Sources: Nigeria National Petroleum Corporation, OPEC, The Petroleum Bill; 2020-2021

The Southern African state of Zambia has ventured headlong into modernising some of its core utility installations this month. The Rural Electrification Authority (REA) has signed Memorandums of Understanding with its partners to integrate data collection and analysis into its efforts to electrify the underserved rural areas of the country. This will take place via a central platform – Edison – which will allow policymakers to gain clear insight into the state of electrification across the country. The REA hopes to increase Zambian electrical coverage to 51% by 2030. At the same time, the Zambian government has signed a US$310 million deal for the expansion of the Lusaka sewage system, which will be financed by several high-level development partners, including the African Development Bank, the European Investment Bank and the German Development Bank.  The project will feature the construction of a sewage pipeline and service more than 525 000 families.
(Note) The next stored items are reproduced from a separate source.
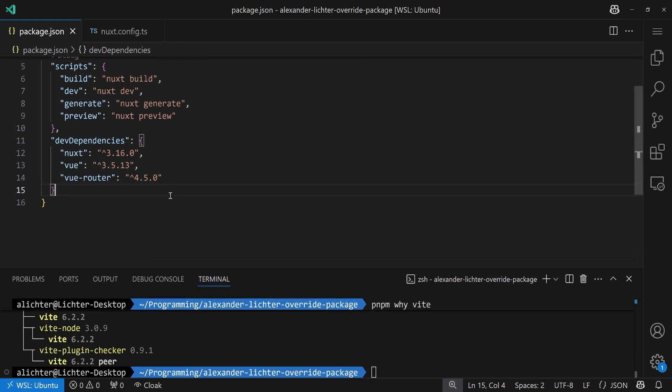So, if we say we want to set all of them to a certain version, what we can do is using overrides or resolutions. And this is where, once again, other package managers come into play. Because, depending on your package manager, you have to handle things differently. So, let's go through the package managers step by step and see how we can do it. Luckily, it's quite similar, so there's no huge difference in most of the cases, but just a tiny change in your package JSON.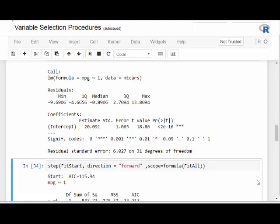In this video we're going to look at stepwise regression. I previously made two videos — one related to backward elimination and the other to forward selection. This is a short video that combines the two.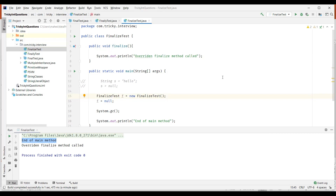In this video, we learned about final — which can be used for variables, methods, and classes. We also understood finally, which is used to clean up resources and is associated with a try-catch block. And finally, we understood the finalize method, which is associated with objects and is also used for cleanup activities. Thanks for watching.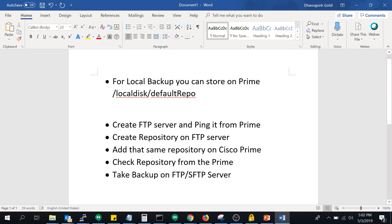Hello everyone. In this video we will see how to take the backup. Before starting any upgradation or any network or server related activity, it is good practice to take the backup first. In case something bad happens, you can restore that backup on that device. In Cisco Prime also, this thumb rule is applied.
Palm oil refining by hand in Ogun State, Nigeria. Converting palm oil refining from an artisanal to an industrial process is a priority for African nations seeking to advance their local sectors up the value chain. Image courtesy: Fotocrafting/WikiCommons, 2016

July has proven to be a key month for the expansion of the edible oils industry in Sub-Saharan Africa. In Nigeria, a collaboration of public and private investment initiatives are in efforts to secure the country’s place as a world leader in palm oil production. At the time of writing, both Okuma Oil Palm and Presco, the country’s largest palm oil producers, are expanding production capacity. Meanwhile, the government, in collaboration with the Edo state authorities, has launched the Edo State Oil Palm Production Programme, which sets out over 100 000 hectares of formerly state-owned land for palm oil production. To the east, the Rwandese-based Kayonza Distribution Company has invested US$10 million in the establishment of an edible oil manufacturing plant set to produce 100 tonnes by the end of 2021. Both of these initiatives highlight the move up the agricultural value chain in key African consumer states as a way of generating additional value from local produce while minimising imports.
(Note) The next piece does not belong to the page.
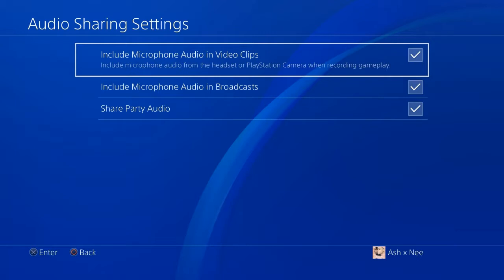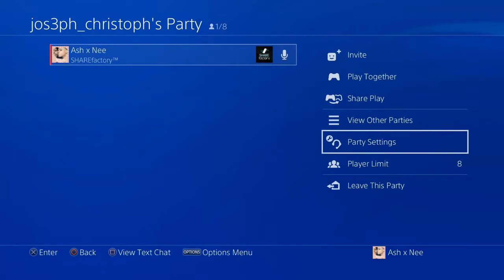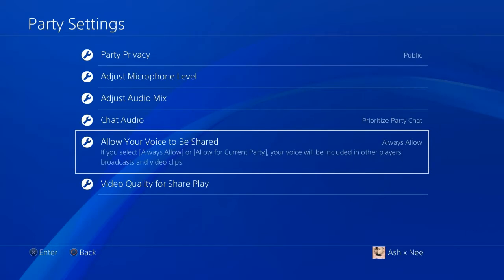You also want to go to the party menu. Inside the party menu there's an option called party settings — you want to click on that. After you've clicked on party settings, there's going to be another option that says allow your voice to be heard in your friends' party and their video clips, so you want to click that and click always allow so you can always be heard in their videos.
Africa’s second largest oil producer continues to move speedily with its development agenda through announcements of inter-city transportation and oil-refining infrastructure. As part of the move to modernise the transport network in Luanda, the Angolan government announced the forthcoming build of a 149-kilometre light metro rail system. Led by Germany’s Siemens, construction is  set to begin in 2022, with completion due before 2030. In parallel, the Angolan government is also making motion to move up the oil value chain through the finalisation of the Lobito refinery, which authorities hope will push production up by 360 000 barrels per day. The refinery – one of a number under construction or refurbishment – is also being developed in partnership with private sector investors, with the ownership split sitting at 30/70 in favour of the latter. Upstream developments are also moving in the same vein with the latest being the partnership between Italy’s Eni and Sonangol to develop the yet untapped Namibe basin.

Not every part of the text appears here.